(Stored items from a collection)
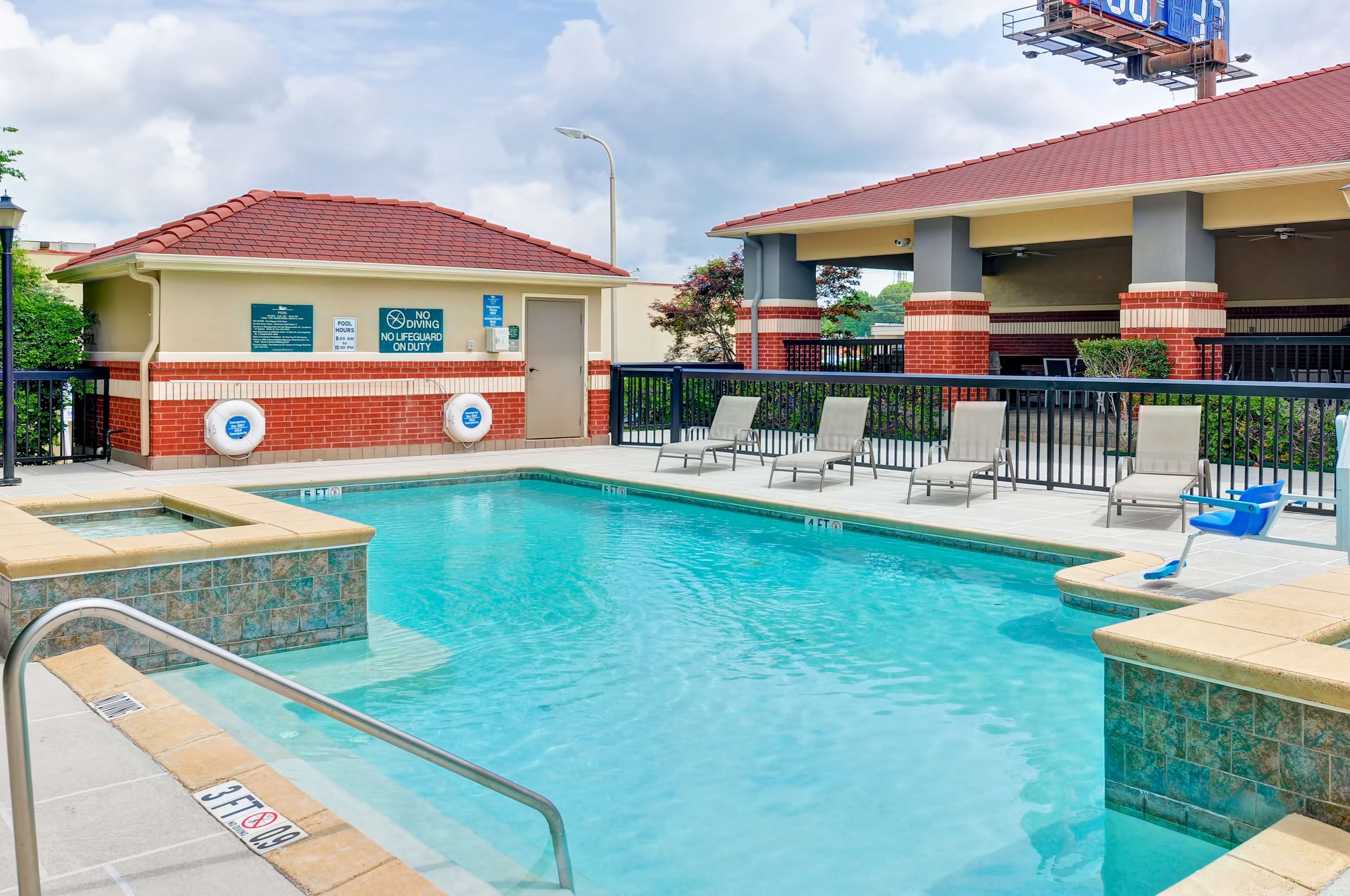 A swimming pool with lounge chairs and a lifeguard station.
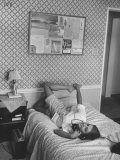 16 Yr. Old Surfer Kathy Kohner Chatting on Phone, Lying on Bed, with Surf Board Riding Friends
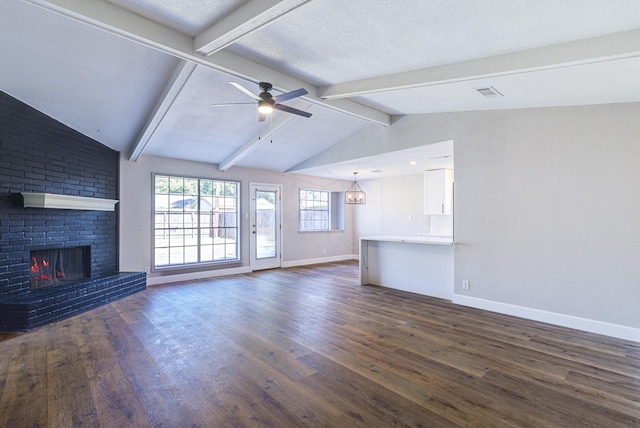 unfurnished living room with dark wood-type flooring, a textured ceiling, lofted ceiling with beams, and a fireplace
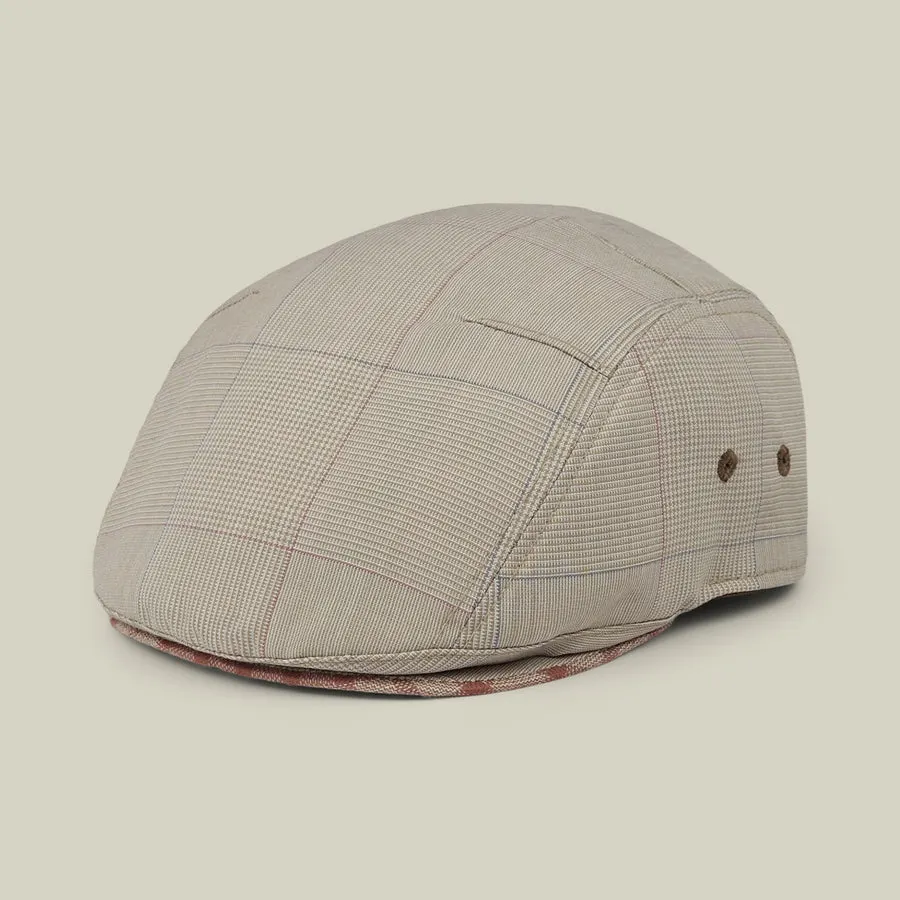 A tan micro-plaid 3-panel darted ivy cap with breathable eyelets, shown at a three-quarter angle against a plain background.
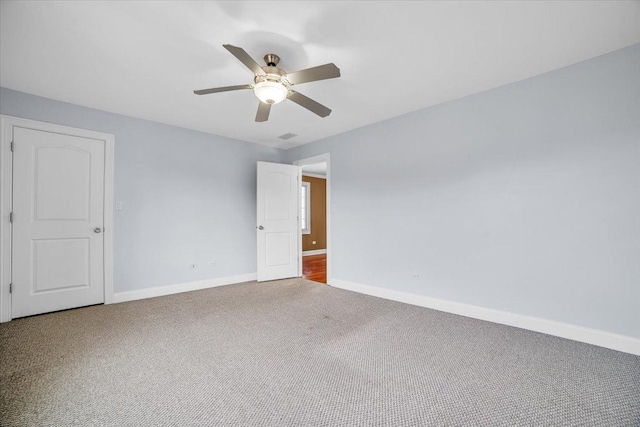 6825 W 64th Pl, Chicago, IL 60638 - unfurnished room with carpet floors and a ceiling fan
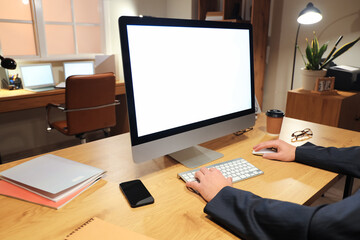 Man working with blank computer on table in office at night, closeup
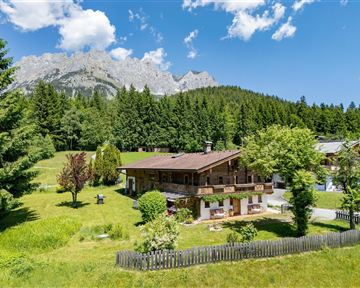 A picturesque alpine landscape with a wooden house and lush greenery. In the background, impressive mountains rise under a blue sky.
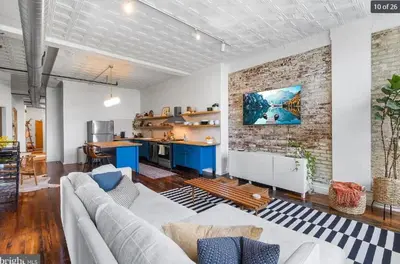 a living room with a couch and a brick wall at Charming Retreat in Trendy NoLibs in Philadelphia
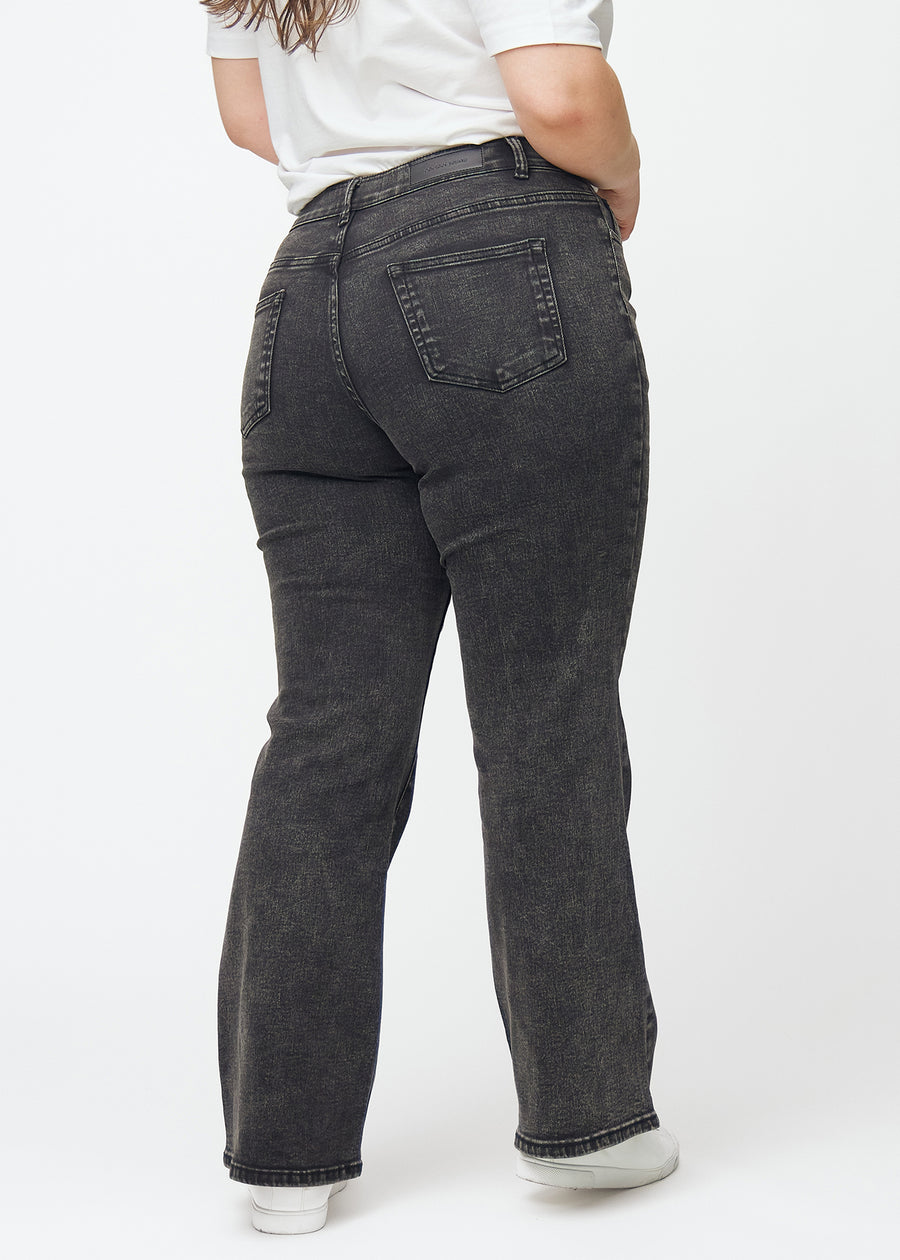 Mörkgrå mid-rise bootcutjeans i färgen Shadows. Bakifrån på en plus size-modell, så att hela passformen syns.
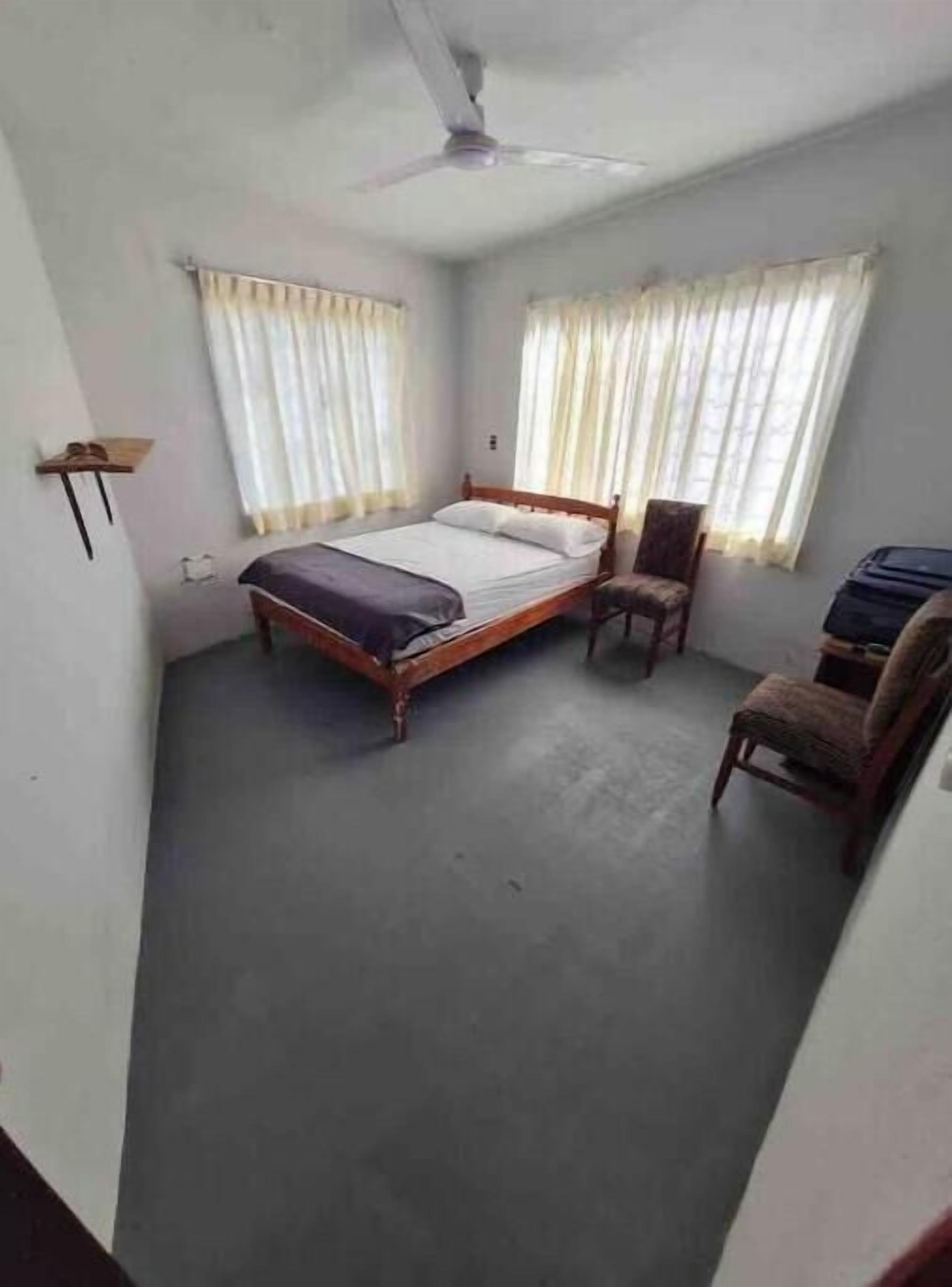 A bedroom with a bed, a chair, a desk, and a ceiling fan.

# What is expected
Leaving the pictures aside, give back all the records exactly as they are.

# Expected output
 A swimming pool with lounge chairs and a lifeguard station.
 16 Yr. Old Surfer Kathy Kohner Chatting on Phone, Lying on Bed, with Surf Board Riding Friends
 unfurnished living room with dark wood-type flooring, a textured ceiling, lofted ceiling with beams, and a fireplace
 A tan micro-plaid 3-panel darted ivy cap with breathable eyelets, shown at a three-quarter angle against a plain background.
 6825 W 64th Pl, Chicago, IL 60638 - unfurnished room with carpet floors and a ceiling fan
 Man working with blank computer on table in office at night, closeup
 A picturesque alpine landscape with a wooden house and lush greenery. In the background, impressive mountains rise under a blue sky.
 a living room with a couch and a brick wall at Charming Retreat in Trendy NoLibs in Philadelphia
 Mörkgrå mid-rise bootcutjeans i färgen Shadows. Bakifrån på en plus size-modell, så att hela passformen syns.
 A bedroom with a bed, a chair, a desk, and a ceiling fan.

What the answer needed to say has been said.